Exercise inputs ::
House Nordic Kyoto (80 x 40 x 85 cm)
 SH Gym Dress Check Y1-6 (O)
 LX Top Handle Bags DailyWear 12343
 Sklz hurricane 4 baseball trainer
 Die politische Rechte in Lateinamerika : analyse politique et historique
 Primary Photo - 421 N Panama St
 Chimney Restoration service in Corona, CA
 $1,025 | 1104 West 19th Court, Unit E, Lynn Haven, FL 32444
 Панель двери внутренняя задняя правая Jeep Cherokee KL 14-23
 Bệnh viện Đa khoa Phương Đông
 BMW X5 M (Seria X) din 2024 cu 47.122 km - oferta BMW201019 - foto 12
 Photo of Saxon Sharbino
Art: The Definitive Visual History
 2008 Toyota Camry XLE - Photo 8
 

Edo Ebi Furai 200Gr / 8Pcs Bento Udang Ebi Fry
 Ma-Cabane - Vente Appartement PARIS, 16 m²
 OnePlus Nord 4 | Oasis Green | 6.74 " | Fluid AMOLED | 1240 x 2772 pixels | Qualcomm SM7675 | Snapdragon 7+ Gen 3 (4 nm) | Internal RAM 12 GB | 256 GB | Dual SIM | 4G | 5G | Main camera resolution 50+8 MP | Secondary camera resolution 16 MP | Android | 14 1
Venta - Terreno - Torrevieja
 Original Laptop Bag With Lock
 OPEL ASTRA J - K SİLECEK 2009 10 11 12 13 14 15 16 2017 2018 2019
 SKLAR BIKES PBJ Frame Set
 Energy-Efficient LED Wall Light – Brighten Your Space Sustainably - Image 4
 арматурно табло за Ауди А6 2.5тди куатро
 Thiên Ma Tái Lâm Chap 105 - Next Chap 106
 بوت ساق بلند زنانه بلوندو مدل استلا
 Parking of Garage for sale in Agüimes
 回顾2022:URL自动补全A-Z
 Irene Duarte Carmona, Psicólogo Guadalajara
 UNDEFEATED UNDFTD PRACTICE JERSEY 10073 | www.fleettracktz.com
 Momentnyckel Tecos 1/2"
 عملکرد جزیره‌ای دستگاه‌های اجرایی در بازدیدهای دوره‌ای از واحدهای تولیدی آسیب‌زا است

Task prompt ::
Would you please reproduce every line from the one containing "Venta - Terreno - Torrevieja" through the final line of the listing, and only those lines?

Response to the exercise ::
Venta - Terreno - Torrevieja
 Original Laptop Bag With Lock
 OPEL ASTRA J - K SİLECEK 2009 10 11 12 13 14 15 16 2017 2018 2019
 SKLAR BIKES PBJ Frame Set
 Energy-Efficient LED Wall Light – Brighten Your Space Sustainably - Image 4
 арматурно табло за Ауди А6 2.5тди куатро
 Thiên Ma Tái Lâm Chap 105 - Next Chap 106
 بوت ساق بلند زنانه بلوندو مدل استلا
 Parking of Garage for sale in Agüimes
 回顾2022:URL自动补全A-Z
 Irene Duarte Carmona, Psicólogo Guadalajara
 UNDEFEATED UNDFTD PRACTICE JERSEY 10073 | www.fleettracktz.com
 Momentnyckel Tecos 1/2"
 عملکرد جزیره‌ای دستگاه‌های اجرایی در بازدیدهای دوره‌ای از واحدهای تولیدی آسیب‌زا است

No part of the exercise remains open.